Text Classification Practical Session

Introduction

In this practical session, our goals are to:

Explore clustering algorithms applied to document classification;
Build a naive Bayes spam classifier.

1. Document Classification using Clustering

1.1 Setup

For this part of the practical session, we will need the scikit-learn Python module. Scikit-learn provides a machine learning toolkit. In the following sections, we will make use of the k-Means and Hierarchical Clustering algorithms for document classification. Please, install scikit-learn, as instructed here .

1.2 Problem description

We are given a collection of documents, each of which belongs to one of two categories. For instance, a part of the documents could be news articles and the other part could be sci-fi literature. Our task is to write a cluster-based classifier which separates these documents into two classes (clusters). So, if we consider our previous example, we would ideally like to have all the news articles in one cluster and all the sci-fi texts in another cluster.

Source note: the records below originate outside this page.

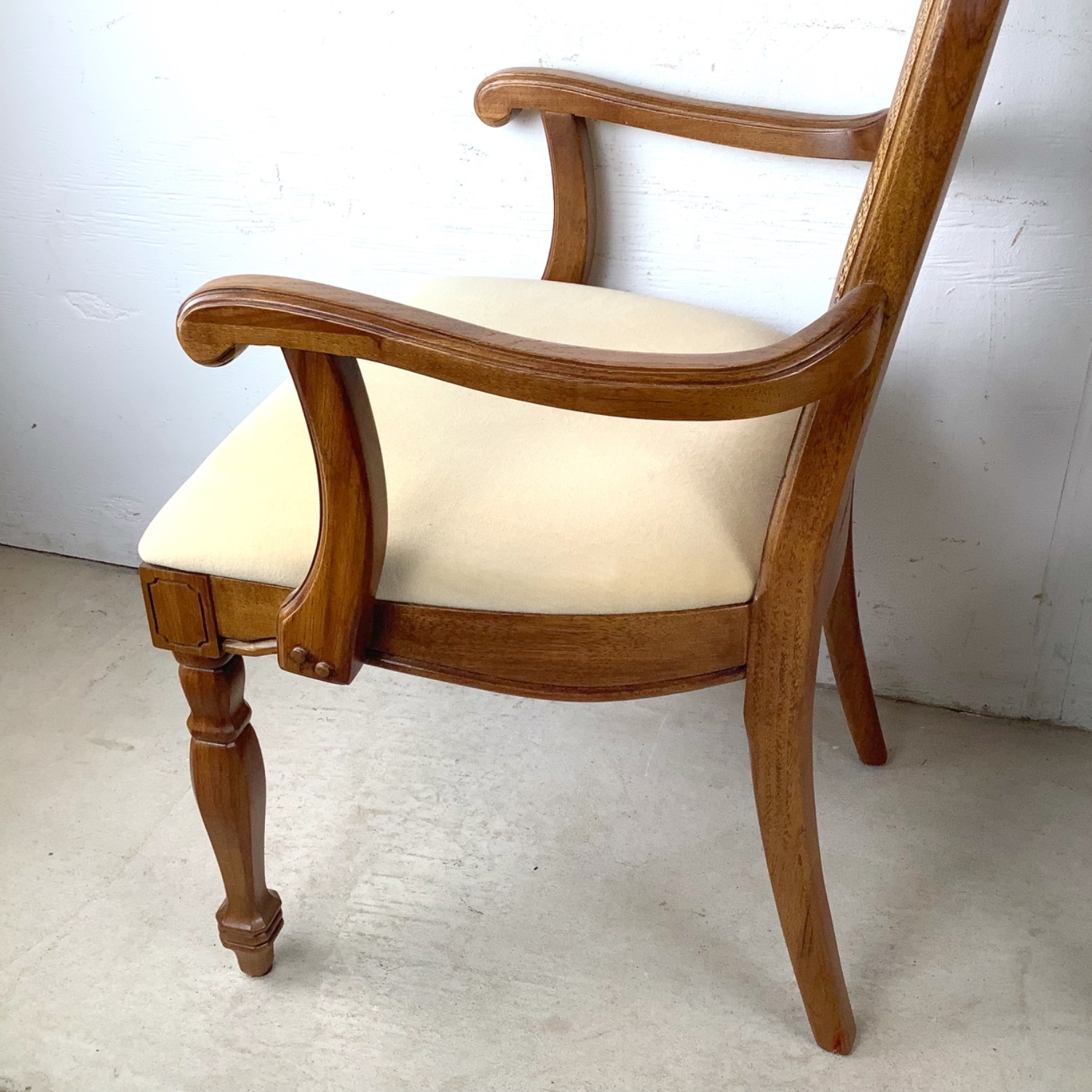 Pair Vintage Provincial Cane Back Armchairs - image-13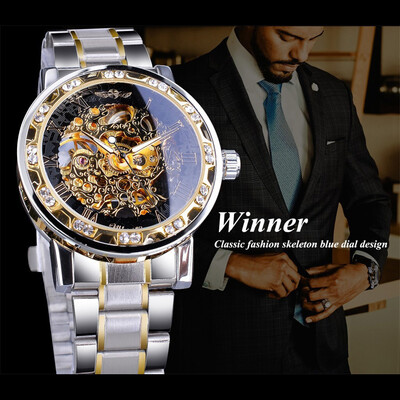 

Gobestart T-WINNER Fashion Hollow Luxury Design Business Fashion Mens Mechanical Watch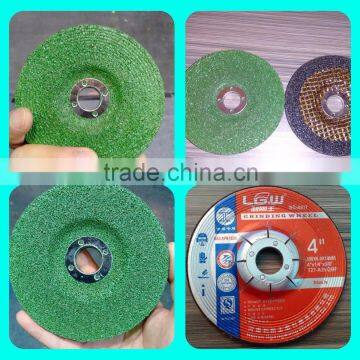 485 4inch grinding wheel 100*6*16 for stainless steel DEPRESSED CENTER WHEEL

This problem can be split into four subtasks:

Preprocessing: extract numerical features from the documents, to give them as input to the clustering algorithms. For this problem, one main assumption is that the type of vocabulary used in the two categories of documents is different. So, one approach is to:
- define what "words" are: to obtain meaningful results, the punctuation and some "stop-words" should be ignored. (import "stopwords" from Corpora using nltk.download())
- Extract the n most frequent words in the whole corpus (i.e. out of all of the documents, in both categories). These n words will represent the n features used by the clustering algorithm.
  
  For this exercise, we use n equals 100.
Document representation: for each document, count how many times each of the n most frequent words appears and store these values in an array. In the end, assemble the arrays to obtain a matrix X of dimension m x n, where:
- m represents the total number of documents (from both categories)
- n represents the number of features
- X[i][j] represents the number of times the jth overall most frequent word appears in document i.
Clustering: apply the K-means and the Agglomerative Clustering algorithms to the dataset obtained in the previous point. For the Agglomerative Clustering, try all three possible linkage types ( ‘ward’ , ‘complete’ and ‘average’ ).
Plotting: after having obtained the clusters, we need to provide an intuitive manner of visualizing them. In order to meaningfully visualize 100-dimensional data, we should reduce/project it into a 2-dimensional space (a plane). But how should we choose the ‘best’ (most significant) plane onto which to project the data? This is exactly what Principal Component Analysis does. Run the data ( X ) through a scikit-learn PCA with 2 components to obtain a 2-dimensional reduced version which can then easily be plotted.

1.3 Your Turn

Your task is to fill in the missing code in the provided skeleton script. Please download the script and have a look at it. We suggest working with the documents in the “romance” and “government” categories from the Brown corpus . However, you are welcome to experiment with other categories from the Brown corpus as well.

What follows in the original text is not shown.